101 bunt-kreative Projektarbeiten zum Schulschluss
Am Dienstagabend fanden in Rickenbach wie in Beromünster die Präsentationen der Abschlussarbeiten statt. Eine Wimmelkiste an bunten, kreativen, ausgetüftelten, tiefgründigen und unterhaltsamen Werken, entstanden mit Fleiss in jugendlicher Frische. Insgesamt 101 Arbeiten sind es – jede ein Kunstwerk für sich.
Es riecht nach Sommer, nach Schulschluss und Übermut. Abschlusspartys warten und Ferienfreude kommt schon bald auf. Für viele Jugendliche kommt nun das Ende ihrer obligatorischen Schulzeit. Was für eine Zeit! Sie muss sich aber verdient werden. Die Projektarbeit der 9. Klassen fordert vor offiziellem Schulschluss die Schülerinnen und Schüler nochmals heraus und verlangt viel Disziplin und Einsatz. Und dann noch die Präsentation!

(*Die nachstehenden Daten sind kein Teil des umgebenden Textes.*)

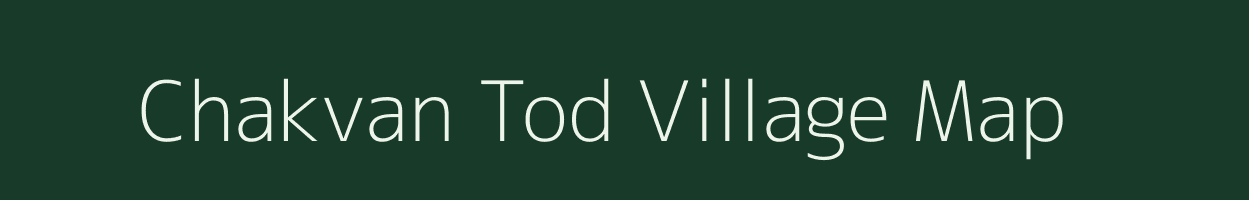 Chakvan Tod village map in Uttar Pradesh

Da kommt erst richtig Lampenfieber auf.
Jedem seine Ausstellung in Beromünster
Die Präsentationen der Projektarbeiten in Rickenbach und Beromünster fanden beide am Dienstagabend, 27. Mai, statt. Sie bedeuten jedes Mal ein kleines Fest. Da kommen Eltern, Paten, Freundinnen und Freunde zusammen, auch viele Ehemalige und sogar künftge Ausbildner, die sich die kreativen Arbeiten und Produkte der 9.-Klässler:innen ansehen wollen. Das Schulareal von Beromünster mutiert zum Ausstellungsgelände, angetroffen wird da alles. Ein «Bartisch mit optischer Illusion» hat genauso Platz wie Breakdance, Hasenstall, Kochbuch, ein restaurierter Pick-up oder eine Broschüre über ADHS. 68 Jugendliche stehen, fast wie an einer Gewerbeausstellung, hinter ihrem Ausstellungsstand, begrüssen und informieren das neugierige Publikum.

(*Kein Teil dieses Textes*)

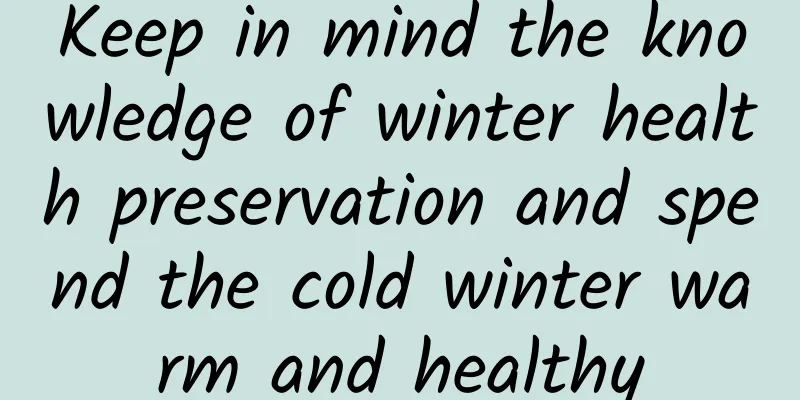 Keep in mind the knowledge of winter health preservation and spend the cold winter warm and healthy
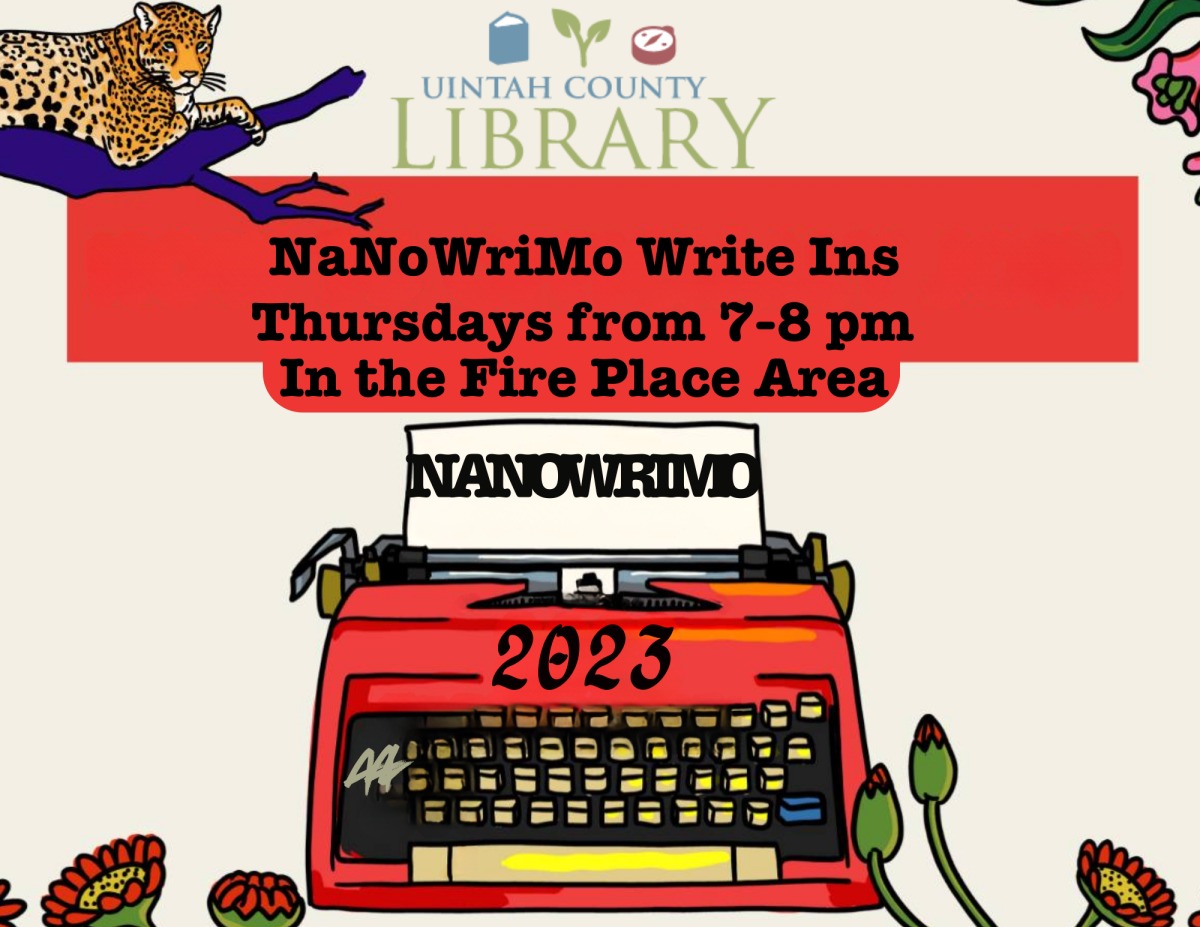 Uintah County Library NaNoWriMo Write-Ins. Thursdays, 7-8 pm in the Fireplace Area.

In Rickenbach heissts: Auftreten vor Publikum
In Rickenbach sieht es etwas anders aus. Nach exaktem Zeitplan präsentieren die Jugendlichen, dieses Jahr sind es 33, jeweils in einem Schulzimmer vor Publikum während 15 Minuten ihr Produkt und erklären dessen Entstehung – die wachsamen Augen der jurierenden Lehrpersonen immer im Blickfeld.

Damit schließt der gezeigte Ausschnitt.